DATA EXTRACTS
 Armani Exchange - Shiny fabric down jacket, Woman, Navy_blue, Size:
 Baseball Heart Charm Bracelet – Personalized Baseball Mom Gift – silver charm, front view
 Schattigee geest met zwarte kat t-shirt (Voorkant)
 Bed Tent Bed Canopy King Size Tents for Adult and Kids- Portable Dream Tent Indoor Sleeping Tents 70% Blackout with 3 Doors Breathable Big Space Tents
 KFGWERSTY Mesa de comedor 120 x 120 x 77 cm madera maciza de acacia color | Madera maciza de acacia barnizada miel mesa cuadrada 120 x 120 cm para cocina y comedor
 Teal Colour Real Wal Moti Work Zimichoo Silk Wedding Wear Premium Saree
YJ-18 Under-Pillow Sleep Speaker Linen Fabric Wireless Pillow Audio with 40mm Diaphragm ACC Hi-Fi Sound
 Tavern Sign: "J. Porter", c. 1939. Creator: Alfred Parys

---

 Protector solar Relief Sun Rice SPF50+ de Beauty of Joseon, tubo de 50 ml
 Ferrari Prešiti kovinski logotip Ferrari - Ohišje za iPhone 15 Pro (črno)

AIM OF THE TASK
Take the listing above and repeat exactly the lines from the one containing "Armani Exchange - Shiny" through the one containing "KFGWERSTY Mesa de", both included.

TASK RESPONSE
 Armani Exchange - Shiny fabric down jacket, Woman, Navy_blue, Size:
 Baseball Heart Charm Bracelet – Personalized Baseball Mom Gift – silver charm, front view
 Schattigee geest met zwarte kat t-shirt (Voorkant)
 Bed Tent Bed Canopy King Size Tents for Adult and Kids- Portable Dream Tent Indoor Sleeping Tents 70% Blackout with 3 Doors Breathable Big Space Tents
 KFGWERSTY Mesa de comedor 120 x 120 x 77 cm madera maciza de acacia color | Madera maciza de acacia barnizada miel mesa cuadrada 120 x 120 cm para cocina y comedor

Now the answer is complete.